Tuesday, February 21, 2006

Partial-Birth Abortion Ban heads to SCOTUS

MSNBC covers the story here

(Hat tip to Mark Shea)

Here's the straight score:
The Supreme Court said Tuesday it will consider the constitutionality of banning a type of late-term abortion, teeing up a contentious issue for a newly-constituted court already in a state of flux over privacy rights.

The Bush administration has pressed the high court to reinstate the federal law, passed in 2003 but never put in effect because it was struck down by judges in California, Nebraska and New York.

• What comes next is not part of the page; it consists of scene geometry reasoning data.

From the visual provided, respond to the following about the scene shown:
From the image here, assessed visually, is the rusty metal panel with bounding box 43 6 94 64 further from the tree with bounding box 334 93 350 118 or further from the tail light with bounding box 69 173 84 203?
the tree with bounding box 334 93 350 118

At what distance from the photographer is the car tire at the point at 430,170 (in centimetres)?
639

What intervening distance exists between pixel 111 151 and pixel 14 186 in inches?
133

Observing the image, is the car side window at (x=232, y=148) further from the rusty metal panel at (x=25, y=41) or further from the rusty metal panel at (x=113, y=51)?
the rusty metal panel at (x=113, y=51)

The outcome will likely rest with the two men that President Bush has recently installed on the court. Justices had been split 5-4 in 2000 in striking down a state law, barring what critics call partial birth abortion because it lacked an exception to protect the health of the mother.

But Justice Sandra Day O’Connor, who was the tie-breaking vote, retired late last month and was replaced by Samuel Alito. Abortion had been a major focus in the fight over Alito’s nomination because justices serve for life and he will surely help shape the court on abortion and other issues for the next generation.

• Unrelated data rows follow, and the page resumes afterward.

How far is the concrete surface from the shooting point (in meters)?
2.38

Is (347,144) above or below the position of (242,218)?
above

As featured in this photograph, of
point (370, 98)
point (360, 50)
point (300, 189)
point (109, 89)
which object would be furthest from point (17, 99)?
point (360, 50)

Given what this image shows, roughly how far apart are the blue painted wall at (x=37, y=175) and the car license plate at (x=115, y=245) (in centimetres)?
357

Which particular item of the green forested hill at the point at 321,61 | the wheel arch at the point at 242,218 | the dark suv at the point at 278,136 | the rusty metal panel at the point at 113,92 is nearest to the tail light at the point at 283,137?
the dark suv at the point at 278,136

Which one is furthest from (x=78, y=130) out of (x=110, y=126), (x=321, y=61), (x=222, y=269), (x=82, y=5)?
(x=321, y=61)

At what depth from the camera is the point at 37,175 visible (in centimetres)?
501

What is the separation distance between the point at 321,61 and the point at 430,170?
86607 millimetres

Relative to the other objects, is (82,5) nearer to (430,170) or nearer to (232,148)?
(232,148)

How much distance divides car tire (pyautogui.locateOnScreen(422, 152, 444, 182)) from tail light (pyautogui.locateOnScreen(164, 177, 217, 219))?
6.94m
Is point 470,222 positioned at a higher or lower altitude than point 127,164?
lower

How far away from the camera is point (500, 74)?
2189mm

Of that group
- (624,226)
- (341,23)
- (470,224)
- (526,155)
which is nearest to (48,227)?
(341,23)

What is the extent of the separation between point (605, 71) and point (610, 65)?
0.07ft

Alito, in his rulings on the 3rd U.S. Circuit Court of Appeals in Philadelphia, has been more willing than O’Connor, the first woman justice, to allow restrictions on abortions, which were legalized in the Roe v. Wade decision in 1973.

The federal Partial-Birth Abortion Ban Act prohibits a certain type of abortion, generally carried out in the second or third trimester, in which a fetus is partially removed from the womb, and the skull is punctured or crushed.

Justices on a 9-0 vote vote in a New Hampshire case reaffirmed in January that states can require parental involvement in abortion decisions and that state restrictions must have an exception to protect the mother’s health.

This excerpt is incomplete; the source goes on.